Ce mois-ci, l’assemblée législative de l’Ontario a voulu empêcher 55 000 travailleurs de l’éducation d’utiliser leur liberté de faire la grève en adoptant une loi assortie de la clause dérogatoire de la Charte canadienne des droits et libertés, ce qui mettait la loi à l’abri des tribunaux.
Par Michel LAGACÉ
Soulignons que la Charte ne protège pas le droit de grève comme tel. Il découle plutôt d’une décision de la Cour suprême de 2015 qui a élargi l’article de la Charte qui protège la liberté d’association pour y inscrire le droit de grève. Il s’agit d’une des libertés que la clause dérogatoire permet d’ignorer (1).
Le mouvement syndical, voyant un précédent qui pourrait éviscérer le pouvoir de négociation de tous les syndicats du secteur public, s’est vivement opposé à la loi ontarienne. Et un large courant de parents, conscients que les syndiqués les moins bien payés rendaient d’importants services à leurs enfants dans les écoles, ont globalement appuyé les travailleurs. Face à cette forte opposition, le gouvernement de Doug Ford a retiré sa loi.

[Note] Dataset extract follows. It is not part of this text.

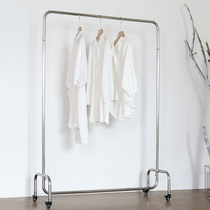 Clothing store display rack floor-standing hanger Silver special womens shelf stainless steel brushed clothes rack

Au Québec, par contre, l’utilisation préventive de la clause dérogatoire lors de l’adoption en 2019 de la loi 21 sur la laïcité et, en 2022, de la loi 96 sur la langue officielle et commune du Québec, a reçu un très large appui de la population, malgré les critiques qui en ont été faites. Le gouvernement de François Legault n’a pas eu à reculer.
Voulue pour protéger les minorités contre les abus de la majorité, la Charte ne peut pas assurer nos droits, autrement dit nos libertés, si les gouvernements utilisent la clause dérogatoire quand bon leur semble. Fruit d’un compromis avec les premiers ministres qui favorisaient la primauté du politique sur le juridique, elle est maintenant utilisée avant même que les tribunaux ne se soient prononcés sur la validité d’une loi.
Le gouvernement de l’Ontario a retiré sa loi non pas pour respecter la Charte mais bien pour calmer l’opinion publique. Au Québec, le gouvernement n’est pas revenu sur sa décision d’utiliser la clause dérogatoire justement parce qu’un large segment de la population l’appuyait.
Dans ces deux cas, l’opinion publique, et non pas la Charte, a été déterminante. Si la dérive se poursuit, nous risquons de perdre de vue l’État de droit que la Charte est censée consolider pour que nos libertés ne soient pas soumises à la loi du plus fort, c’est-à-dire à l’arbitraire de la majorité.
(1) Parmi les droits que les législatures ne peuvent pas ignorer se trouvent les droits démocratiques comme le droit de vote, et les garanties juridiques comme la protection contre la détention ou l’emprisonnement arbitraires.